While Mark’s gospel is often noted for being in a hurry with everything happening immediately, it is less often noted that his narrative slows down to a leisurely pace in the middle chapters. Consider, for instance, the story of the demoniac in chapter five. It’s a fairly long one, rich in detail, and not in a hurry to reach its conclusion.
Do you suppose Mark intended his readers to linger there for a while to ponder something? If so, what? We have a location: a non-Jewish region on the far side of Galilee, in a cemetery, with a herd of pigs feeding near by; a cast of characters: Jesus, a very strong maniac, the disciples, swineherds, and villagers. We also have a legion of unclean spirits who clearly knew exactly who Jesus was.
The maniac had been ill treated by the locals, but not without reason. On the one hand, he allowed himself to be chained up for their safety and his.
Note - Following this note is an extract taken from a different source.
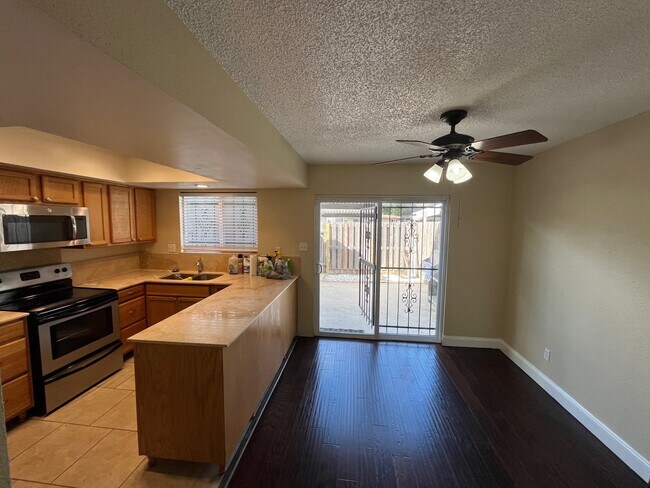 Building Photo - 6416 Bankside Dr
On the other, in the rage of madness, he broke free of all restraints to roam the cemetery, howling at the moon like a B movie werwolf.
When called to account for themselves by Jesus, the unclean spirits, speaking as one, seemed to beg for mercy. What were Jesus’ options? I don’t know, but he did permit them to go elsewhere, into the pigs. It seems that unclean spirits going elsewhere are still unclean, bent on self destruction, even if that means the destruction of their hosts. I don’t want to get into a discussion about the nature of unclean spirits because it’s a rabbit hole from which there is no escape. But I do want to consider the cost of one man’s salvation.
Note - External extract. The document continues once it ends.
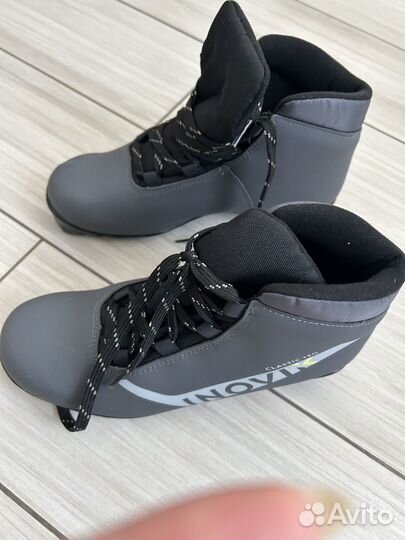 Лыжные ботинки 39 размера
The maniac, now healed, appears to have received more than his sanity. He received the same knowledge of who Jesus was that the spirits had, but with clear headed, sane understanding. Wisdom if you will. The herd of pigs, and the unclean spirits with them, drowned. That was a valuable herd. It represented somebody’s wealth, a considerable fortune, the source of his standing in the community, and now it was gone. The salvation of one dirty, screaming maniac at the cost of the considerable wealth of a hard working, responsible member of the community? What sense does that make?
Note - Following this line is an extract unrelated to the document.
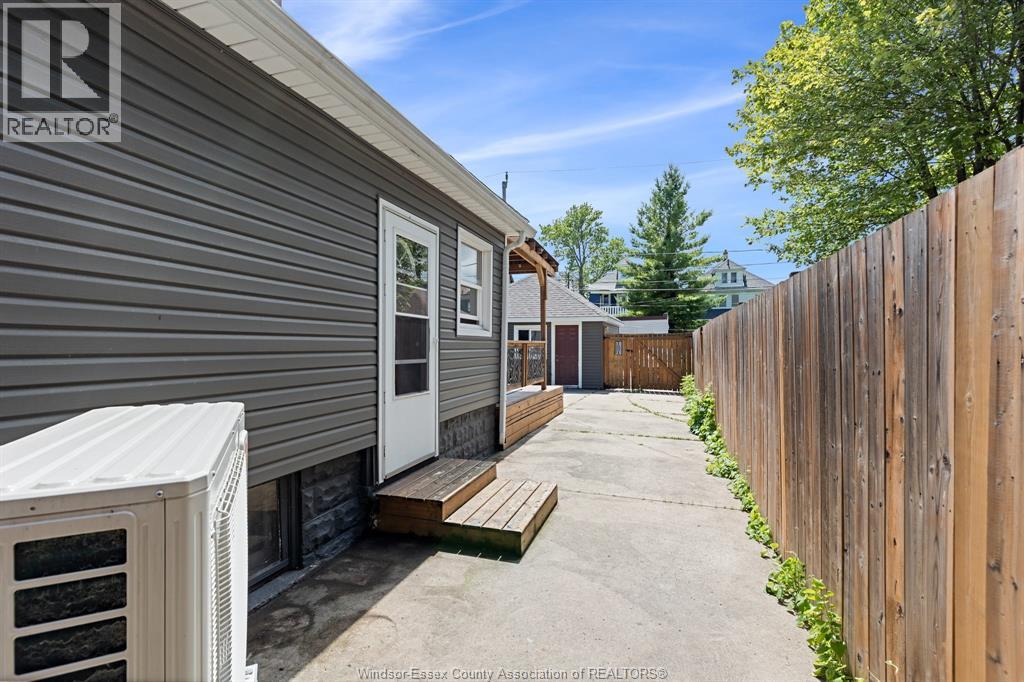 327 Lincoln, Windsor, Ontario  N8Y 2G6 - Photo 22 - 26015684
Who cares about the maniac compared to the good standing of a person of wealth? Where is the equity in exchanging the lives of a valuable herd of pigs for the worthless life of a mad man? All it did was bankrupt a worthy farmer. So he’s sane, wise and knows God now: big deal! What’s that going to get him, and what good does it do us?
God’s calculus is strange indeed. It defies all the rules of logic and quantitative analysis. It’s fiscally and morally insupportable. More especially, it flies in the face of the self satisfied complacency of many who call themselves Christians. Now there is something to ponder in the middle of Lent.